[[ Given data, beginning ]]

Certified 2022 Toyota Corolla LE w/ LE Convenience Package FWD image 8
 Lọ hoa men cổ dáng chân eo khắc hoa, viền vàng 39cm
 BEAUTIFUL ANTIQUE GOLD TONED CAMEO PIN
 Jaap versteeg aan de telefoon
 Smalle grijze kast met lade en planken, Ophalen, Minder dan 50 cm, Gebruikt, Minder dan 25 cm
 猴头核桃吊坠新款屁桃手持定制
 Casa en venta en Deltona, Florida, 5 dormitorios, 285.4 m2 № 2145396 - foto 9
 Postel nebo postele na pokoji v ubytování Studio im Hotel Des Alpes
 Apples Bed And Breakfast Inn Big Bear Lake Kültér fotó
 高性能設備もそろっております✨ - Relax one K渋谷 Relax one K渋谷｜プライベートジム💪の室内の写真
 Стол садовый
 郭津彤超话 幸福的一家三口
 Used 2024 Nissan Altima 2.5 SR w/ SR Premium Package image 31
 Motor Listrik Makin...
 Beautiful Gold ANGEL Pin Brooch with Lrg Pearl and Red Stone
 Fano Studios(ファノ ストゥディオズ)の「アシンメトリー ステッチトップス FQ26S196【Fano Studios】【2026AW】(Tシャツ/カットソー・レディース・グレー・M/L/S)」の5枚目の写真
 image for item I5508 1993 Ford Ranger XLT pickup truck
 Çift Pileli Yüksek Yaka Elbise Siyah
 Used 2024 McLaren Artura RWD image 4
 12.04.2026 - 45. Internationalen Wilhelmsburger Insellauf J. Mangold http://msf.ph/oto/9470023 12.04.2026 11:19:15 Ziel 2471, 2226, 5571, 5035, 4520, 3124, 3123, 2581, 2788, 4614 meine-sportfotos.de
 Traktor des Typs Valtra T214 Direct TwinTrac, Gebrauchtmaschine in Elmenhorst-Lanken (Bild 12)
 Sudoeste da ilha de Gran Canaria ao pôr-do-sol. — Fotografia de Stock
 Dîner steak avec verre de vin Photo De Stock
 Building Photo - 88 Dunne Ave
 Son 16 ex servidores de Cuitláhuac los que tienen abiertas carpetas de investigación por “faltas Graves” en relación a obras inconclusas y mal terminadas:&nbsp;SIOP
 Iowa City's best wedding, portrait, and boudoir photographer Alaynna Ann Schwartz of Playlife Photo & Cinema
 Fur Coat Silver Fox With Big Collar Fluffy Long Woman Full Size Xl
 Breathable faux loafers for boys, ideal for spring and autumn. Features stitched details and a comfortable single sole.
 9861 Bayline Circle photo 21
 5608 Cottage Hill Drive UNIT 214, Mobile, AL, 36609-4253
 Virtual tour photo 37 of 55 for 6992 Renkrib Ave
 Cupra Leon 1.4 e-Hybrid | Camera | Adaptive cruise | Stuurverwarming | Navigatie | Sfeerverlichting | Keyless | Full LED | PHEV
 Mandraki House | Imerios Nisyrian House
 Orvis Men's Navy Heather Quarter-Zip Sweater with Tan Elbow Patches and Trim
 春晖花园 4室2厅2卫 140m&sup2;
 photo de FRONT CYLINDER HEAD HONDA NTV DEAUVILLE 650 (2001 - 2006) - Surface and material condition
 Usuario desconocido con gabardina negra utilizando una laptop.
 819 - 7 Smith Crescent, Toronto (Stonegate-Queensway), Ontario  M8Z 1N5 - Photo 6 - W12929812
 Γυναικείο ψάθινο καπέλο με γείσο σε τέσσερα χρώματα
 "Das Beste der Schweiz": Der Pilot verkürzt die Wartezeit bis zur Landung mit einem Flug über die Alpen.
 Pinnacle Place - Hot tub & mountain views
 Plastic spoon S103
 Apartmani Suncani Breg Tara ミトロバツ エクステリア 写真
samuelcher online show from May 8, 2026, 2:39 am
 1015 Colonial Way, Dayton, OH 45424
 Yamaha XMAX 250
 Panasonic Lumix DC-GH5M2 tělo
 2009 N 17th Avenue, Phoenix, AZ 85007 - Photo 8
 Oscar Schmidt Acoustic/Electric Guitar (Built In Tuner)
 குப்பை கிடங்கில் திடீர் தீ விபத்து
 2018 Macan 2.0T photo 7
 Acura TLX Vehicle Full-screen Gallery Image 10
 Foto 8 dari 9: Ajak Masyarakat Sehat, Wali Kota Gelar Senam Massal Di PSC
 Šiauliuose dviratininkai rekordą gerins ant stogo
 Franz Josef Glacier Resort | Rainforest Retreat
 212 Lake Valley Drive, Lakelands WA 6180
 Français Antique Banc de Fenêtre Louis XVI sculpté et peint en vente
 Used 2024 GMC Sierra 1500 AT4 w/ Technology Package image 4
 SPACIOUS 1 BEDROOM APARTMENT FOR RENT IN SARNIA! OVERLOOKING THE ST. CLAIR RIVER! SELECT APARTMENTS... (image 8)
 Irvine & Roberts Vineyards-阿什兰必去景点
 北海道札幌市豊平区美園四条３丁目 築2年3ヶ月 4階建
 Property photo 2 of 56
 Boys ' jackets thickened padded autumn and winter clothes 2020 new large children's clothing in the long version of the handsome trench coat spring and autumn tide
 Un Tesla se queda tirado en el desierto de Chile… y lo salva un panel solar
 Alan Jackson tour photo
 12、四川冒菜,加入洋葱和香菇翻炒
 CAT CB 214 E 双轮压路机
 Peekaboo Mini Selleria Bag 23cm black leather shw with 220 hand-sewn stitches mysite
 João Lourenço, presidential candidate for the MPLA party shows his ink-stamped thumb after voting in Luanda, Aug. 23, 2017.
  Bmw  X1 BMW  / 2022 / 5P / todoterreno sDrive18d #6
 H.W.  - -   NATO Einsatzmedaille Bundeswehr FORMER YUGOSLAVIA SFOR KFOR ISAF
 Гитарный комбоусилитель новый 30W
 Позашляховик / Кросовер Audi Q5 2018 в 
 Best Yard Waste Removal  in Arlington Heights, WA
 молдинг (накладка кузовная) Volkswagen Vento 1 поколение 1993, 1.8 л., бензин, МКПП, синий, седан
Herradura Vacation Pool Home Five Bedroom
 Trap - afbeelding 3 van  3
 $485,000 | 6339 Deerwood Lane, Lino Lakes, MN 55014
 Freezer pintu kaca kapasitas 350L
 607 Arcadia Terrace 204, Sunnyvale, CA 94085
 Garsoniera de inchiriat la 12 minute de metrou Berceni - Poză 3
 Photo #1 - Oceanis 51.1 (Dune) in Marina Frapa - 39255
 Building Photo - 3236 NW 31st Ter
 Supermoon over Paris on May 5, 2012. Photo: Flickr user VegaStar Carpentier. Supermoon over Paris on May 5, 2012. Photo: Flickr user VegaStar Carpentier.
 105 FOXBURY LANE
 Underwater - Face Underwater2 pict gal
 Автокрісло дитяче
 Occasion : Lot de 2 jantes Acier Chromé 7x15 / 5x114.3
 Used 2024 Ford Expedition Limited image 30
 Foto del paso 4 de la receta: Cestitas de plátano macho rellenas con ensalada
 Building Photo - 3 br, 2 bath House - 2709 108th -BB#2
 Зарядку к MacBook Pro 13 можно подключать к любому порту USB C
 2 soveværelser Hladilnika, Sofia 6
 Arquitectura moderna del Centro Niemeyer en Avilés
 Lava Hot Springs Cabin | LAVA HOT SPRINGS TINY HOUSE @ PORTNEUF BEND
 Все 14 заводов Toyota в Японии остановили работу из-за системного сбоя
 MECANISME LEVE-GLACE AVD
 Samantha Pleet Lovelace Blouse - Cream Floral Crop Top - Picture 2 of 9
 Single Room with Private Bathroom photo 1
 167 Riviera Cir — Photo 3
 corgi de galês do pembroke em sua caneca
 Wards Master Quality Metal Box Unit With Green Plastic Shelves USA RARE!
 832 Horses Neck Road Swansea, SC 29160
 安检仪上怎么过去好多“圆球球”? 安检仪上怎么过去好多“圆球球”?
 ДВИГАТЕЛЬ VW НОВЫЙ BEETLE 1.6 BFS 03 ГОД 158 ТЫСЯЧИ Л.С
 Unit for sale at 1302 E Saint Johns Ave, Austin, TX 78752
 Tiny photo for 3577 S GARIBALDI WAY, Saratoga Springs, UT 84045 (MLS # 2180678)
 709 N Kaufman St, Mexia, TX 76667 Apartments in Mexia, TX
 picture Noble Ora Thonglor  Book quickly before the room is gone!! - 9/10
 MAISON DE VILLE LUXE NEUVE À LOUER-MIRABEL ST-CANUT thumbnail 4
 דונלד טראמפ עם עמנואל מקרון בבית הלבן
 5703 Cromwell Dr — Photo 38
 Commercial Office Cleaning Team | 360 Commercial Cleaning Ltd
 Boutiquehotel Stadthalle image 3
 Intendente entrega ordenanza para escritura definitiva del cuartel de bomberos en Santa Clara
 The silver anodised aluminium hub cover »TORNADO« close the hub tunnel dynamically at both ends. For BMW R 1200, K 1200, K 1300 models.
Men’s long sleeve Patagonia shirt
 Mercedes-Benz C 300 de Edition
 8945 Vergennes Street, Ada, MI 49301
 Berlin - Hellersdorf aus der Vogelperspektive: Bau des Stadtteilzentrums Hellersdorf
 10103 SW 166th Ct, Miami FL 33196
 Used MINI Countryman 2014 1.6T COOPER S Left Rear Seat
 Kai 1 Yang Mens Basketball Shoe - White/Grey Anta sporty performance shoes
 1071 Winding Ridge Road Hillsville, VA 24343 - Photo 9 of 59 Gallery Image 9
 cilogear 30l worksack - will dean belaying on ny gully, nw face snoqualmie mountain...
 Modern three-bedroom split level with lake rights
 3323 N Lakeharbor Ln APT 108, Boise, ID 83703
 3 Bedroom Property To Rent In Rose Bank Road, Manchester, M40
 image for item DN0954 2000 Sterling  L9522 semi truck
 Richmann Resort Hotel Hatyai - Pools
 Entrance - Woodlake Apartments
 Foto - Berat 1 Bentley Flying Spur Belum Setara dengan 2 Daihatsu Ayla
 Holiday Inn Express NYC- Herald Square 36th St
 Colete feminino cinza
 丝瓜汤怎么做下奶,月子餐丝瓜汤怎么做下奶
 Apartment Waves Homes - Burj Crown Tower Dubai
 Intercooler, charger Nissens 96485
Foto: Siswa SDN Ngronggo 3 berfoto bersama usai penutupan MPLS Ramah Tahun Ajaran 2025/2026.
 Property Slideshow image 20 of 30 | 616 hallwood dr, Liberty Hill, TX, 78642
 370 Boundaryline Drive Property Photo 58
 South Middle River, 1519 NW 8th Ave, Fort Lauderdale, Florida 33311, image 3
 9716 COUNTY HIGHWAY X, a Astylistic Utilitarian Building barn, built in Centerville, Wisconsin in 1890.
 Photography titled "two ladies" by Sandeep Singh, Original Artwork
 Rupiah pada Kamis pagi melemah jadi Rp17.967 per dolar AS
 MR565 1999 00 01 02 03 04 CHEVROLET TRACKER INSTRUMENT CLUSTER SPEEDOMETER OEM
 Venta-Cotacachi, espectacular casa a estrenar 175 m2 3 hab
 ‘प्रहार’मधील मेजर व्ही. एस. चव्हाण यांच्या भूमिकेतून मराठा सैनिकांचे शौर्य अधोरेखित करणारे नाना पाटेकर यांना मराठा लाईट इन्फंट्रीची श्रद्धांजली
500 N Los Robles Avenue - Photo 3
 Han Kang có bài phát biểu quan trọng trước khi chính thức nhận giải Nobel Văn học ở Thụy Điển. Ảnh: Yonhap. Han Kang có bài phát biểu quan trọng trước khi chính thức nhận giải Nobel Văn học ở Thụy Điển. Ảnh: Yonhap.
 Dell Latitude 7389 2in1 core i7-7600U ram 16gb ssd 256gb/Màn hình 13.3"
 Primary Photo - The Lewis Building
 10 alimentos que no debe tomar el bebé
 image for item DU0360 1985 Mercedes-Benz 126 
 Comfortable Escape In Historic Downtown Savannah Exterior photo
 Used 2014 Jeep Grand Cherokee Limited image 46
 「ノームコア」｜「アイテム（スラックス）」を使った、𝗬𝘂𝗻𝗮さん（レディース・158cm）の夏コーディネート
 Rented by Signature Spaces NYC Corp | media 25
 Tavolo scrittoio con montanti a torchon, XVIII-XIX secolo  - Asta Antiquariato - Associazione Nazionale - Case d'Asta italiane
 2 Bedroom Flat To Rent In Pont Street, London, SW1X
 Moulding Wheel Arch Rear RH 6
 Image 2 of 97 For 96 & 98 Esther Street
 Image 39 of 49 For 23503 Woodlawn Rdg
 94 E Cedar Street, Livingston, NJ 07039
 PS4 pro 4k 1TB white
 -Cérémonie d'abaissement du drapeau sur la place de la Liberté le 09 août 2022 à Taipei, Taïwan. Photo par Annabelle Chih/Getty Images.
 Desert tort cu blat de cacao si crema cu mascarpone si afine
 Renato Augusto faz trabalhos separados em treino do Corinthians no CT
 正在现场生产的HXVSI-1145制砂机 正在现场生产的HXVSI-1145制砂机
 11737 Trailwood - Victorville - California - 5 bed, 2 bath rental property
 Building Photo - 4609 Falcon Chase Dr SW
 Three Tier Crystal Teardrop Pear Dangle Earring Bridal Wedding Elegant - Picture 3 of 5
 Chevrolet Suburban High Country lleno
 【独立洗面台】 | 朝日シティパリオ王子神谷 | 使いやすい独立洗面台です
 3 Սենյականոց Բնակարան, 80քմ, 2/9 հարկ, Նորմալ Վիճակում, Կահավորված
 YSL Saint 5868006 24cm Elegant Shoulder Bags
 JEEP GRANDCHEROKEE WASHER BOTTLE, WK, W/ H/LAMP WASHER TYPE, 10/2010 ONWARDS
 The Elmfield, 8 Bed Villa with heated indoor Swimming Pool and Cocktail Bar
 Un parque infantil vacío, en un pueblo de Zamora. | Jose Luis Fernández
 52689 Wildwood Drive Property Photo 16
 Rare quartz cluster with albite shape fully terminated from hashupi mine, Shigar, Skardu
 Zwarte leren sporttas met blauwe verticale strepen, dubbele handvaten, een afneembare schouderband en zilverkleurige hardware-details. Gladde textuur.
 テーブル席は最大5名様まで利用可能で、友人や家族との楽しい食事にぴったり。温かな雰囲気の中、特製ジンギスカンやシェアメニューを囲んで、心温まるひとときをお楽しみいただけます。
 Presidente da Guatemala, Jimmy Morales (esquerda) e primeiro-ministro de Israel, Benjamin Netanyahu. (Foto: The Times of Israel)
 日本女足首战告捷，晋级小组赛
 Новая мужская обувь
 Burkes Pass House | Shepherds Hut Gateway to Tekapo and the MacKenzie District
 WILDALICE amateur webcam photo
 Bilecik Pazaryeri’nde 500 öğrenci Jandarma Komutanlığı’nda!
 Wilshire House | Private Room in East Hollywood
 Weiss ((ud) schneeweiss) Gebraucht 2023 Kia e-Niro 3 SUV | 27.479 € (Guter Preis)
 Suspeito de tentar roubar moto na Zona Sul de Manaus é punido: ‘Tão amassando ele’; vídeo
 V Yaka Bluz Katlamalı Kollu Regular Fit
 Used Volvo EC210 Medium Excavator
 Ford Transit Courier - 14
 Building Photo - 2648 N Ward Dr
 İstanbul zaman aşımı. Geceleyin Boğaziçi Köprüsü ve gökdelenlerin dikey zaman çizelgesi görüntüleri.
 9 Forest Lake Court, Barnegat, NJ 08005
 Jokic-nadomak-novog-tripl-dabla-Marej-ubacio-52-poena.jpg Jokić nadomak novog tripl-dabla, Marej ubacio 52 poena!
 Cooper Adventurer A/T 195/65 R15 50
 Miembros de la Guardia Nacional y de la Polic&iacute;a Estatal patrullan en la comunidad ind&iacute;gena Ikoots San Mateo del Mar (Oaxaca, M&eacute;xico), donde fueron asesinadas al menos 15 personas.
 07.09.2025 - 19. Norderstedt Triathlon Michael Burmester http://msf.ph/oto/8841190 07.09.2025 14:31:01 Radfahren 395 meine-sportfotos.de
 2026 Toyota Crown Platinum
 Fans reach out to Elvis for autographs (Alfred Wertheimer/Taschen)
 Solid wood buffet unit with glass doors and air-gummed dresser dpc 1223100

[[ Given data, end ]]

Description of the task: Each line in the entries above, starting at the line with "Underwater - Face Underwater2 pict gal" and ending at the line with "709 N Kaufman", is to be printed exactly, and only those lines.

Response area:
 Underwater - Face Underwater2 pict gal
 Автокрісло дитяче
 Occasion : Lot de 2 jantes Acier Chromé 7x15 / 5x114.3
 Used 2024 Ford Expedition Limited image 30
 Foto del paso 4 de la receta: Cestitas de plátano macho rellenas con ensalada
 Building Photo - 3 br, 2 bath House - 2709 108th -BB#2
 Зарядку к MacBook Pro 13 можно подключать к любому порту USB C
 2 soveværelser Hladilnika, Sofia 6
 Arquitectura moderna del Centro Niemeyer en Avilés
 Lava Hot Springs Cabin | LAVA HOT SPRINGS TINY HOUSE @ PORTNEUF BEND
 Все 14 заводов Toyota в Японии остановили работу из-за системного сбоя
 MECANISME LEVE-GLACE AVD
 Samantha Pleet Lovelace Blouse - Cream Floral Crop Top - Picture 2 of 9
 Single Room with Private Bathroom photo 1
 167 Riviera Cir — Photo 3
 corgi de galês do pembroke em sua caneca
 Wards Master Quality Metal Box Unit With Green Plastic Shelves USA RARE!
 832 Horses Neck Road Swansea, SC 29160
 安检仪上怎么过去好多“圆球球”? 安检仪上怎么过去好多“圆球球”?
 ДВИГАТЕЛЬ VW НОВЫЙ BEETLE 1.6 BFS 03 ГОД 158 ТЫСЯЧИ Л.С
 Unit for sale at 1302 E Saint Johns Ave, Austin, TX 78752
 Tiny photo for 3577 S GARIBALDI WAY, Saratoga Springs, UT 84045 (MLS # 2180678)
 709 N Kaufman St, Mexia, TX 76667 Apartments in Mexia, TX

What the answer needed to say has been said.